Mental Health Myths & Facts

Reina Stewart and Cassandra Turner

October 8th, 2019



Myths & Facts About General Mental Health


Myth: Mental health issues are uncommon.

Fact: Mental health issues are more prevalent than many of us realize. Roughly 50% of the Canadian population will have or have had a mental health condition by age 40 [4]. Furthermore, suicide is one of the main causes of death among adolescents, young adults, and middle-aged individuals [5]. Research demonstrates that 24% of deaths are due to suicide among those aged 15-24 years and 16% among those aged 25-44 years [5]. These statistics are a good reminder that mental health issues are pervasive. If you have not experienced a mental illness, you likely know someone who has.


Myth: Children cannot develop mental health issues.

Fact: The belief that children are immune to mental illness is not supported by research [7]. In fact, research indicates that many mental health issues arise during childhood or adolescence and that 17% of kids aged 2-5 years meet diagnostic criteria for a mental health condition [6; 7; 9]. In 2012, 2.8 million or 10.1% of Canadian adolescents aged 15 and up reported symptoms that are consistent with mental or substance use disorders [13]. There are various mental health disorders that children and teens can develop. These disorders include, but are not limited to, schizophrenia, bipolar disorder, major depressive disorder, post-traumatic stress disorder, generalized anxiety disorder, anorexia nervosa, and alcohol use disorder [14].


Myth: People with mental health issues are violent.

Fact: Although people living with a mental health condition are often portrayed as threatening or dangerous in the media, these individuals are no more likely to carry out acts of violence than the general population [19;16]. In fact, individuals with a mental illness are far more likely to be victims of violence than perpetrators [16].


Myth: Therapy is pointless and does not work.

Fact: Therapy has helped many people change their behaviours and reach their goals [3]. One study conveyed that, after 21 therapy sessions, approximately 50% of clients demonstrated clinically significant change, including symptom improvement, interpersonal changes, and enhanced quality of life, and that roughly 75% of clients showed these forms of progress after 40 sessions [10].

However, it is important to note that not all forms of therapy are evidence-based. Evidence-based practice in psychology is defined as “the integration of the best available research with clinical expertise in the context of patient characteristics, culture and preferences” [1]. Generally, evidence-based therapies have been found to outperform other therapies that have not been empirically tested [18]. So, if you are considering potential treatment options, looking into evidence-based forms of therapy may help to narrow your search.


Myths & Facts About Eating Disorders


Myth: People with eating disorders are always skinny.

Fact: Individuals with an eating disorder come in all shapes and sizes [17]. For example, individuals with bulimia nervosa, binge eating disorder, or other specified feeding or eating disorders can be underweight, normal weight, or overweight, and may often fluctuate in weight. The truth is that you cannot tell if someone has an eating disorder, or determine how healthy someone is for that matter, just by looking at them [17].

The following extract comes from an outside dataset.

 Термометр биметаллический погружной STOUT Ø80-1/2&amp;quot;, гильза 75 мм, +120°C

Myth: Only women have eating disorders.

Fact: Even though eating disorders are more prevalent in women, men can still develop this form of mental illness [2]. The findings of one study suggest that men experience anorexia nervosa at a ratio of 1 for every 4 women with the disorder [2]. Other research demonstrates that this ratio is closer to 1 man for every 3 women [3]. It should also be noted that individuals who are a part of the LGBTQ+ community are at risk of developing eating disorders. Transgender individuals, for example, develop eating disorders much more often than cisgender people [12]. Thus, many individuals of differing gender identities are affected by eating disorders. The myth that only women experience eating disorders possibly contributes to the under diagnosis of other individuals who struggle with eating disorders [3].

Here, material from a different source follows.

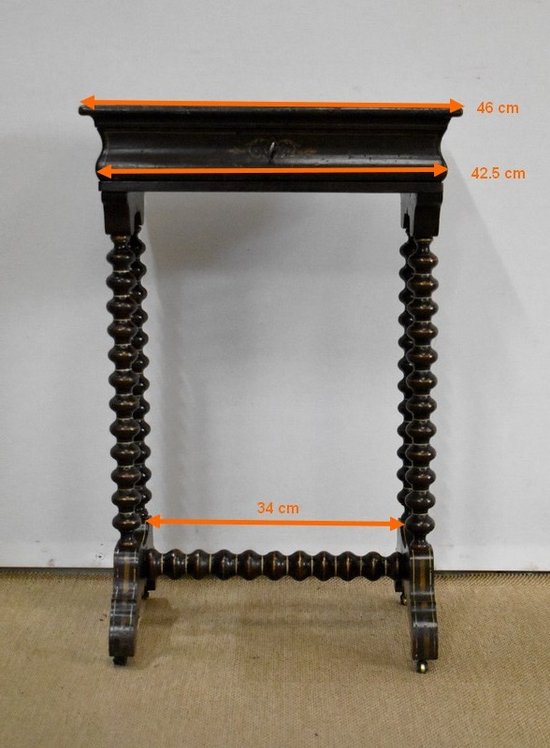 Petite Table à ouvrage en Bois laqué, époque Napoléon III - Milieu XIXe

Myths & Facts About Depression


Myth: Depression is always triggered by a specific life circumstance. 

Fact: Complex interactions between hereditary factors and life circumstances influence one’s susceptibility to depression and many other mental health disorders [3]. Some people are especially prone to developing depression due to biological, psychological, or sociocultural factors [3]. Research shows that when individuals who are particularly vulnerable to depression experience added stressors, they are more likely to develop this disorder [3]. So, the combination of having a predisposition to depression and experiencing additional stressors in life is what researchers believe typically leads to depression.


Myth: People with depression can just “snap out of it”.

Fact: As previously mentioned, depression is influenced by biological and genetic factors [3]. Various chemicals in our brain play a significant role in how we behave and feel [3]. The activity of these chemicals is not under our direct and voluntary control from moment to moment and so people cannot simply decide to shed their symptoms instantaneously [3]. Medication and behavioural activation treatments can be effective for treating depression [8]. The latter treatment involves increasing engagement in rewarding activities that are associated with the experience of pleasure or mastery and decreasing engagement in activities that maintain depression [8]. Experiencing depression is not a choice and it can be nearly impossible for someone to “snap out of it ” without treatment.


Myths & Facts About Anxiety


Myth: Fear and anxiety are always maladaptive. 

Fact: To a certain extent, fear and anxiety are a normal and adaptive part of life. However, it is important to recognize the distinction between what is adaptive and what is maladaptive. Anxiety is usually defined as general apprehension or nervousness about the future [3]. Fear, on the other hand, is a response to a perceived danger [3]. Feeling anxious can help us prepare for future obstacles and experiencing fear is advantageous when we must escape or confront an immediate hazard [3]. Some people feel fear and anxiety about many different areas of life on a daily basis and when no imminent threats are present. This can be an indication that these feelings are no longer adaptive [3].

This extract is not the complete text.